01:14PM EDT - Uses a new NVLink plane card to connect two trays of Tesla V100s
01:16PM EDT - “This is what an engineer finds beautiful”
01:16PM EDT - (NV apparently filmed the blow-apart animation using stop-motion rather than CGI. Why? Because they could)

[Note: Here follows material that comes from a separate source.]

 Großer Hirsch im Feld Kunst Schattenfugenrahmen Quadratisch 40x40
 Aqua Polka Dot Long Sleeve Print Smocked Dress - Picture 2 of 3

01:16PM EDT - 10x faster than DGX-1 in 6 months
01:17PM EDT - How much should we charge?
01:18PM EDT - Answer: $1,500,000
01:18PM EDT - Available in Q3
01:18PM EDT - Oh, no, $1.5M was a joke
01:18PM EDT - $399K is the real price
01:22PM EDT - "We are all in on deep learning"
01:22PM EDT - Comparing AlexNet training time on the GTX 580 versus the DGX-2
01:22PM EDT - Days versus minutes
01:23PM EDT - Now talking about NVIDIA's software container service, the NVIDIA GPU Cloud
01:24PM EDT - 30 different containers
01:24PM EDT - Google, Alibaba, AWS, and more support the containers
01:25PM EDT - "Plaster"
01:26PM EDT - "We need a computing model that dramatically reduces the energy requirements"
01:29PM EDT - “Inference is complicated”
01:29PM EDT - (This is an understatement, to ssy the least)
01:30PM EDT - Announcing a new batch of tools and libraries
01:30PM EDT - TensorRT 4.0
01:30PM EDT - Deep TensorFlow integration
01:31PM EDT - A fully trained network can be run right on NV's architecture in an optimized fashion
01:31PM EDT - TensorRT also adds support for the Onyx format and WinML
01:33PM EDT - Now discussing the various acceleration factors versus CPU-only execution
01:33PM EDT - (They're all big integers)
01:34PM EDT - "We're going to save a lot of money"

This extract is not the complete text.